2025-01-20 15:00 ` Kieran Kunhya via ffmpeg-devel
@ 2025-01-22 16:36 ` Michael Niedermayer
2025-01-22 16:55 ` Kieran Kunhya via ffmpeg-devel
` (2 more replies)
0 siblings, 3 replies; 24+ messages in thread
From: Michael Niedermayer @ 2025-01-22 16:36 UTC (permalink / raw)
To: FFmpeg development discussions and patches
[-- Attachment #1.1: Type: text/plain, Size: 2526 bytes --]
Hi
On Mon, Jan 20, 2025 at 03:00:17PM +0000, Kieran Kunhya via ffmpeg-devel wrote:
[...]
> Error recovery protocols are complicated -
everything is complicated
> this project lacks
> experience in them
The project is made of many developers, and several of them do have
experience in protocols and also error correction
Just about myself,
i have written a teletext decoder that used raw 8bit data over 20 years ago
and it was more robust than TV sets
I recently as part of the SDR work wrote a RDS decoder, which also worked
better than the decoders i compared it to. Its less than 300 lines of code
and certainly can be improved alot but there is nothing magic along the
lines you suggest here. RDS needs both demodulation and error correction
Also i have written a reed solomon decoder based on my own algorithm
that had better asymptotic speed than what i could find at the time.
>
> I have no issue with it being marked experimental.
> But the idea of
> incremental improvement is false.
You have experience with mpeg FEC and other protocols but
you mix your practical experience with ridiculous claims
> Error recovery implementations
> require careful design from the outset with numerous heuristics
> needed.
Can you please stop this "my way or no way"
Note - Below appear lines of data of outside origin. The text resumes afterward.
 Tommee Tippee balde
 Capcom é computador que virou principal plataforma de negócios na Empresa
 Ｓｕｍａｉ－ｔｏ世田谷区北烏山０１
You can design things first then implement them
you can evolutionary write code
you can do it incrementally
you can write a implementation learn from it discard it and write a 2nd one
based on lessons lerned
and there are probably hundreads of other paradigms along which you can
implement something
For some people one way works better than others. For someone else
another might work better
Someone might enjoy writing, tuning and testing heuristics. Another might
have a strong background in probability and statistics and they might design
a model about all the restarts and damages and implement an optimal solution
for teh model with no heuristics. At that level they can then even tune that
model for the particular source of packets and everything adapts to be optimal
for that then as there are no or few hardcoded heuristics.
Noone ever did that before maybe, ok, but doesnt mean it cannot be done
I dont like how you talk down on others, as if what you did is the only
way things can be done.
thx
[...]
--
Michael GnuPG fingerprint: 9FF2128B147EF6730BADF133611EC787040B0FAB
Those who are best at talking, realize last or never when they are wrong.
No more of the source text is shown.